GTFS

From OpenStreetMap Wiki
Jump to navigation Jump to search

The  GTFS (General Transit Feed Specification) is a data format that was created for sharing public transportation information such as bus stops and bus routes and timetables.

It is useful for potential users of OSM data to provide routing using public transport as in many cases timetables change so often that representing them in OSM is de facto impossible. In some cities timetables can be expected to change daily due to road/track closures/renovations. And in some areas timetables are massively changes multiple times during the year, for example as holidays and school start/end.

In such cases data consumers can use OSM data for roads and stop positions and footways and take available trips on public transport directly from the transport organization.

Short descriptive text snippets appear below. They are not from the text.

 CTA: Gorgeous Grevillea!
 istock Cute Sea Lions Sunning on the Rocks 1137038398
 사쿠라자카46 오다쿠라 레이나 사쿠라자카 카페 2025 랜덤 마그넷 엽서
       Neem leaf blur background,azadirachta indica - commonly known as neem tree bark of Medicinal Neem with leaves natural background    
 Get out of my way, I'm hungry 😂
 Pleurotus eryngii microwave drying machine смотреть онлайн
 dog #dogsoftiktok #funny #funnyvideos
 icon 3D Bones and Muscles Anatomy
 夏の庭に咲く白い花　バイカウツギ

It was originally called the Google Transit Feed Specification, and was developed by Google. It is now maintained by the MobilityData organization which also maintains tools for using GTFS data, a database of GTFS data, and the General Bikeshare Feed Specification.

Structure of GTFS

A GTFS feed is a (stable) URL which publishes a ZIP file containing multiple CSV files.

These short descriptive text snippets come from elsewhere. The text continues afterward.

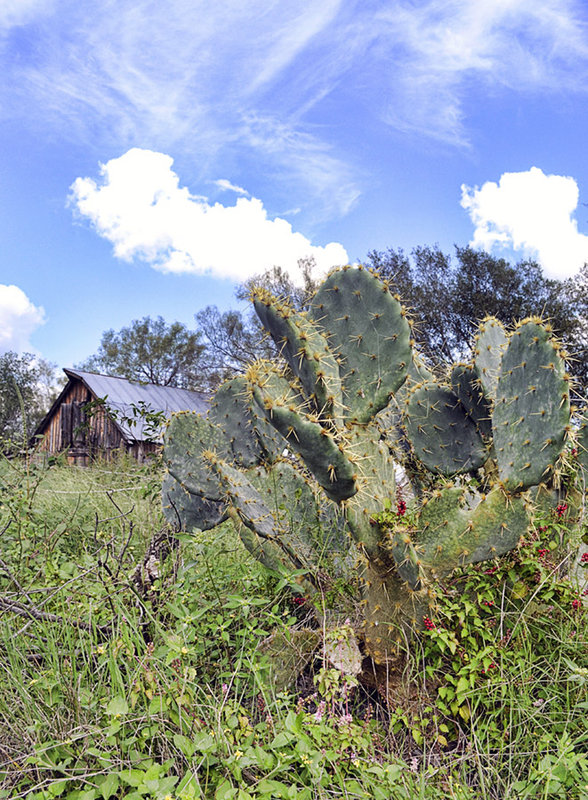 cactus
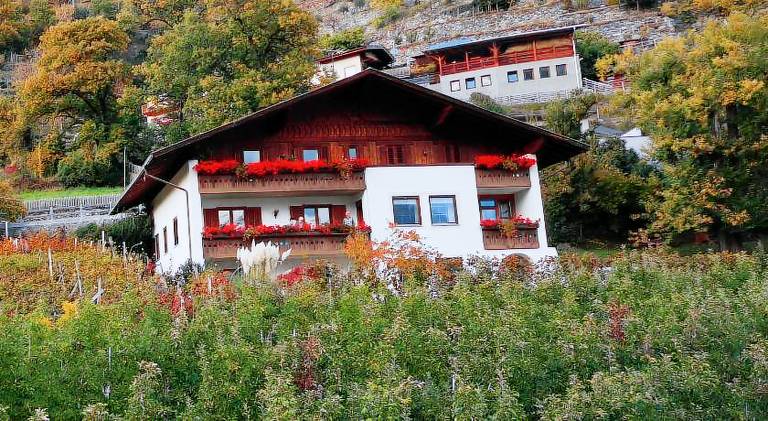 Garni Schuster — photo 4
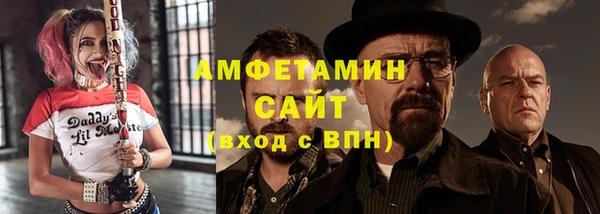 шишки Абаза
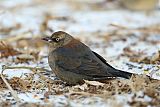 Rusty Blackbird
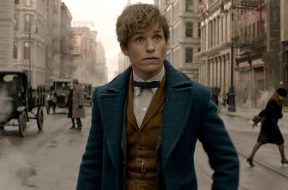Fantastic Beasts And Where To Find Them Review SpicyPulp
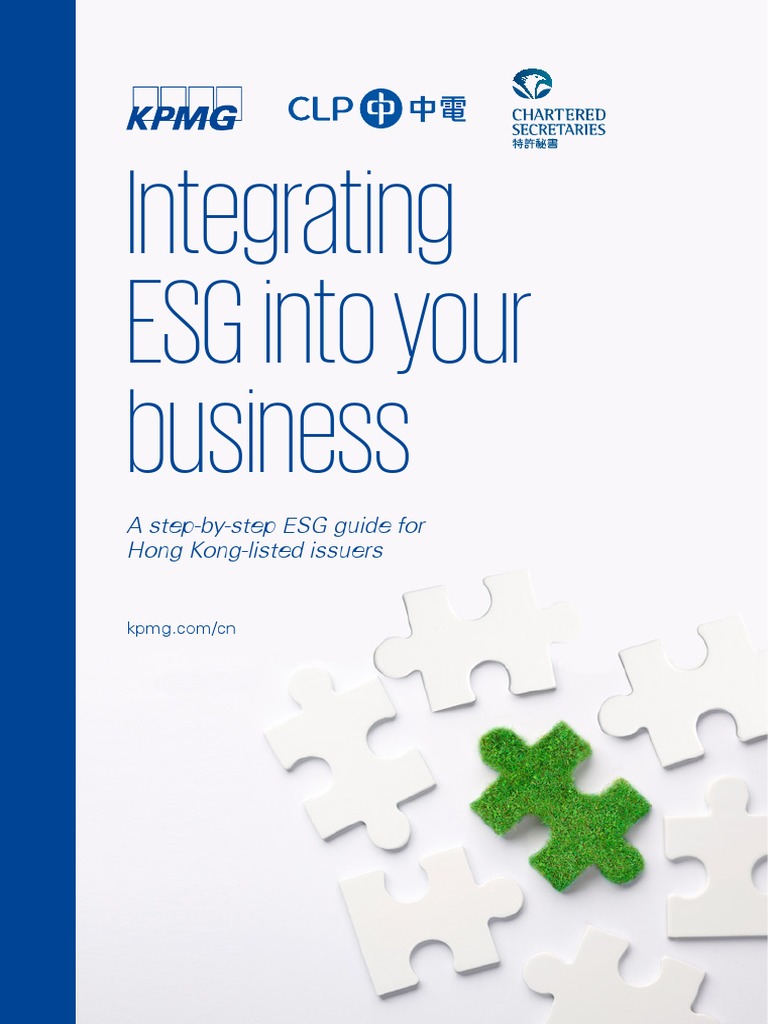 Integrating Esg Into Your Business PDF | PDF | Governance | Strategic ...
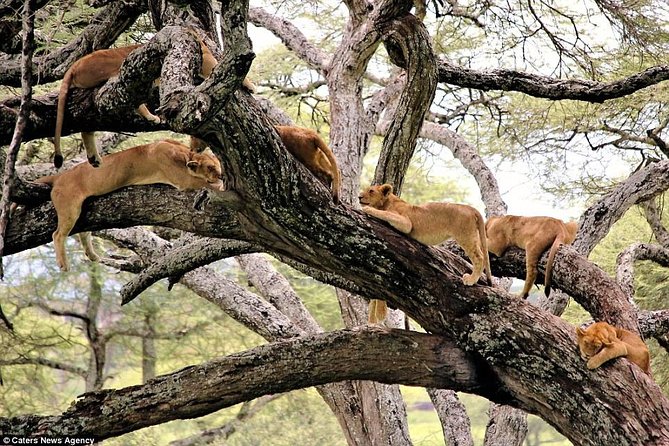 4 Days Tarangire Serengeti Ngorongoro Crater - The main tradeoff: reach versus relaxation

It is often updated regularly, in which case a particular zip file is referred to as a version of the GTFS feed.


The file stops.txt contains information about physical locations.

  • stop_id - the identifier for this location
  • stop_code, stop_name - public-facing identifier and name for the location
  • stop_lat, stop_lon - GPS coordinates, for stops on the pole
  • platform_code - the identifier for a specific platform

While the file is called stops.txt, it also contains information about stations, entrances, boarding areas. These are distinguished using location_type, and linked to a larger structure using parent_station

location_type Description Parent GTFS Description PTv2 concept
0 GTFS stop station Place where passengers board/disembark nodewayarea public_transport=platform (preferred)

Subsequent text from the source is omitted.